VGH BW zu Beurteilungen und Beförderungspraxis

17.06.2014

VGH BW, Beschluss vom 17.06.2014, Az. 4 S 494/14. Schlagworte: Beurteilung, Beförderung, Anlassbeurteilung, Auswahlverfahren, Konkurrentenstreit.
VGH BW zu Beurteilungen und Beförderungspraxis

Leitsätze:

  1. Die regelhafte Erstellung von Anlassbeurteilungen von Amts wegen - ohne Bewerbung des Beamten - zur Vorbereitung eventueller späterer Beförderungsentscheidungen kommt nach Erreichen der Altersgrenze für die Erstellung von Regelbeurteilungen (hier: Nr. 2.3 Spiegelstrich 1 VwV-Beurteilung Pol) grundsätzlich nicht in Betracht.

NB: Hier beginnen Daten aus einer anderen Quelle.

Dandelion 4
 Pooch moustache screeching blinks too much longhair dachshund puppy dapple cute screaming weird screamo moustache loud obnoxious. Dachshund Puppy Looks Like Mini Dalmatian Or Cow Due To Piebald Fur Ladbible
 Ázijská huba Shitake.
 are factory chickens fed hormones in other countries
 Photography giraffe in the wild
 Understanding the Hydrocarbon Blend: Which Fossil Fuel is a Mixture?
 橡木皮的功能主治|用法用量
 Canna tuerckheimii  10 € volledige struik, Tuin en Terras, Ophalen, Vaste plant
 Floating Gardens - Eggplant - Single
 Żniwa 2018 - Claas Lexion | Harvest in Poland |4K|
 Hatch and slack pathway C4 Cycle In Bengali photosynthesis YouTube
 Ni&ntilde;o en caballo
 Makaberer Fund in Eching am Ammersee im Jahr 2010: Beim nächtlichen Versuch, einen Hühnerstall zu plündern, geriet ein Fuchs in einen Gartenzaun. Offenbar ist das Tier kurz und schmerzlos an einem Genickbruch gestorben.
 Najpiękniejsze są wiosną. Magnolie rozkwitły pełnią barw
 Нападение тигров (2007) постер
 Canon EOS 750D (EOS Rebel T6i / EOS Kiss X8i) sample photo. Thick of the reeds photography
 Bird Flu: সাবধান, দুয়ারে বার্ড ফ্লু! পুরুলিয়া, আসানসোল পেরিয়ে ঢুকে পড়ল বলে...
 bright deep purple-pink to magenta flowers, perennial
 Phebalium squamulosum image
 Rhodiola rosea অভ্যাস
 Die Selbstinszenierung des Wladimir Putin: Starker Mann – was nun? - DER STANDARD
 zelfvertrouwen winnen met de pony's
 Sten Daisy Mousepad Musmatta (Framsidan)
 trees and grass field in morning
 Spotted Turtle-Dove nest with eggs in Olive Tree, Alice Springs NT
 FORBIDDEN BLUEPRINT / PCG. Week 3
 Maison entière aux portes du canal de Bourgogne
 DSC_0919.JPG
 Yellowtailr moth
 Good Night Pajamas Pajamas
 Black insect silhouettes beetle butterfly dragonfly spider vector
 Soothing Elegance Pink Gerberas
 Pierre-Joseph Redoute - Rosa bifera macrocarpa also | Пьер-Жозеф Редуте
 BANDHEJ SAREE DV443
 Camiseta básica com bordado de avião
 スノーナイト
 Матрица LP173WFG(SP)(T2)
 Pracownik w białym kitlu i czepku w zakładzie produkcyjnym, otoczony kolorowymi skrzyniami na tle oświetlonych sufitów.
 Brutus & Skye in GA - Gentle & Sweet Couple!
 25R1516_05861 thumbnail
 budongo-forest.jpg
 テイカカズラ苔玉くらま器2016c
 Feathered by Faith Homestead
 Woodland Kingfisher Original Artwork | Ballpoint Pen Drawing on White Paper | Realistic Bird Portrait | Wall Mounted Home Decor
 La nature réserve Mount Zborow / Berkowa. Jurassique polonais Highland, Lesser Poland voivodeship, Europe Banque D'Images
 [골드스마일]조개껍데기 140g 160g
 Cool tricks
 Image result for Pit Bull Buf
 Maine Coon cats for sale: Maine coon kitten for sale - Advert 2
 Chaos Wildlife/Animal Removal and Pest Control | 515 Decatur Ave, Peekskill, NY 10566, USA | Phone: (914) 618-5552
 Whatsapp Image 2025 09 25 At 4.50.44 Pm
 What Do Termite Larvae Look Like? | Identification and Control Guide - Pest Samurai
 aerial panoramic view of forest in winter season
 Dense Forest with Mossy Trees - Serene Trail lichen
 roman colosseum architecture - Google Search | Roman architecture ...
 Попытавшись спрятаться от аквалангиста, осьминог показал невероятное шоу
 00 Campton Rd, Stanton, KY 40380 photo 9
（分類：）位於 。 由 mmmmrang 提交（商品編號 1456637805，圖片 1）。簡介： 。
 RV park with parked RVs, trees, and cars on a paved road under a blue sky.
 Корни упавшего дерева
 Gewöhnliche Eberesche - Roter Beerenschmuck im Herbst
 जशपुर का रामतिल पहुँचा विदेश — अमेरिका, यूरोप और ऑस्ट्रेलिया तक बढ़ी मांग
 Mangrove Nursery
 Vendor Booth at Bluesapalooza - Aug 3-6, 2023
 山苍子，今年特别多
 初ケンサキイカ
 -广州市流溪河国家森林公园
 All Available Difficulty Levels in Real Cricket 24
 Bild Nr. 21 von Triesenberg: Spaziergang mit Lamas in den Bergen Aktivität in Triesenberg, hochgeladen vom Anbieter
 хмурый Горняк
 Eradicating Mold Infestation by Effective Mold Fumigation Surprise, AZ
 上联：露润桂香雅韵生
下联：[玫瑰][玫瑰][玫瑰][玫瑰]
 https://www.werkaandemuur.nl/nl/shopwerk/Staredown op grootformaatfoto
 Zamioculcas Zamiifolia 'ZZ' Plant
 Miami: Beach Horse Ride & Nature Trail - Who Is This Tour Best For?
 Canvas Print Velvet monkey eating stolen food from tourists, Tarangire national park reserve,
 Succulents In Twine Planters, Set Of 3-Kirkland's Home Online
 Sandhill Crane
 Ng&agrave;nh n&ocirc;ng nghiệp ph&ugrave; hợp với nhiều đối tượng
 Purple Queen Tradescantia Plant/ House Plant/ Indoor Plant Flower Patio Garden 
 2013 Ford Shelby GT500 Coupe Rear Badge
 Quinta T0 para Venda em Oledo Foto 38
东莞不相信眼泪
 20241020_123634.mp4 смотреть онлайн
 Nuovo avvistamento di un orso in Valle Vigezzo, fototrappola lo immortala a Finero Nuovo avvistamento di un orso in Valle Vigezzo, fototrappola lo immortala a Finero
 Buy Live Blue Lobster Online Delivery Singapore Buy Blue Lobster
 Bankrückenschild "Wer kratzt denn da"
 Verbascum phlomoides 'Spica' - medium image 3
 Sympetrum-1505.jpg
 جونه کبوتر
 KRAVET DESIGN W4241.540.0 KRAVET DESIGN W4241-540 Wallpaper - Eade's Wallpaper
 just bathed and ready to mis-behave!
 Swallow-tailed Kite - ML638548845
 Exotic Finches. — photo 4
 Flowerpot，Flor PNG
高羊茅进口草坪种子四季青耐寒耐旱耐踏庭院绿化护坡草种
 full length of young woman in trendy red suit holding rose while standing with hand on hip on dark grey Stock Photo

  2. Ist das Auswahlverfahren durch mehrere grundlegende Mängel (hier: fehlende Dokumentation der Auswahlentscheidung, zum Auswahlstichtag fehlende Beurteilungsgrundlage, fehlerhafte Handhabung der vorgegebenen Richtwerte bei Erstellung der Regelbeurteilungen sowie fehlerhafte regelhafte Erstellung von Anlassbeurteilungen von Amts wegen) gekennzeichnet, sind die Erfolgsaussichten des unterlegenen Bewerbers bei einer erneuten Auswahl regelmäßig als offen anzusehen.

Externer Link:

- Verwaltungsgerichtshof Mannheim

vorgehend Beschluss des VG Stuttgart vom 19.02.2014, Az. 12 K 4747/13

 

Leitsätze

  1. Die Bekanntgabe der Auswahlkriterien rechtzeitig vor Ernennung des Mitbewerbers genügt den Anforderungen nach Art. 33 Abs. 2 GG i.V.m. Art. 19 Abs. 4 GG. Eine frühzeitige Bekanntgabe ist nicht erforderlich.

  2. Sind die dienstlichen Beurteilungen zum Zeitpunkt der Auswahlentscheidung (Auswahlstichtag) vom Letztbeurteiler noch nicht unterzeichnet, fehlt es an einer Entscheidungsgrundlage für die Auswahlentscheidung.

  3. Die Ausschreibungspflicht nach § 11 Abs. 2 LBG entfällt nicht durch Einbeziehung aller beförderungsreifen Beamten "von Amts wegen" in das Auswahlverfahren. Die Ausschreibungspflicht dient der Transparenz und Nachvollziehbarkeit der Stellenbesetzungen im öffentlichen Dienst (vgl. OVG Rheinland-Pfalz, Beschl. v. 15.10.2013 - 2 B 10707/13); sie ist dem Bewerberverfahrensanspruch vorgelagert, weil sie die Bildung des Bewerberkreises zur Folge hat.

  4. Die Erstellung von regelmäßigen Anlassbeurteilungen nach Erreichen des maßgeblichen Lebensalters, ab dem keine Regelbeurteilungen mehr erfolgen, ist unzulässig.

  5. Die für die Erstellung von Regelbeurteilungen ggf. zu beachtende Richtwerte für die Vergabe von Spitzenbeurteilungen müssen sich auch bei Anlassbeurteilungen niederschlagen (vgl. BVerwG, Urt. v. 22.11.2012 - 2 VR 5/12).

  6. Dem Gebot der inhaltlichen Ausschöpfung von dienstlichen Beurteilungen entspricht es nicht, lediglich den Durchschnittswert der Leistungsbeurteilungen heranzuziehen.

  7. Indizien für eine an sachfremden Gesichtspunkten ausgerichtete Beurteilungs- und Beförderungspraxis können ein ungewöhnlich langer Zeitraum zwischen Zeitpunkt der Beurteilungskonferenz und Unterzeichnung der dienstlichen Beurteilungen, eine erhebliche Überschreitung der Spitzensätze nach der VwV-Beurteilung Pol, eine Einbeziehung von Anlassbeurteilungen, die ohne Berücksichtigung der vorgegebenen Spitzensätze erstellt wurden sowie erhebliche und nicht gesondert begründete Notensprünge in den Anlassbeurteilungen der erfolgreichen Bewerber sein.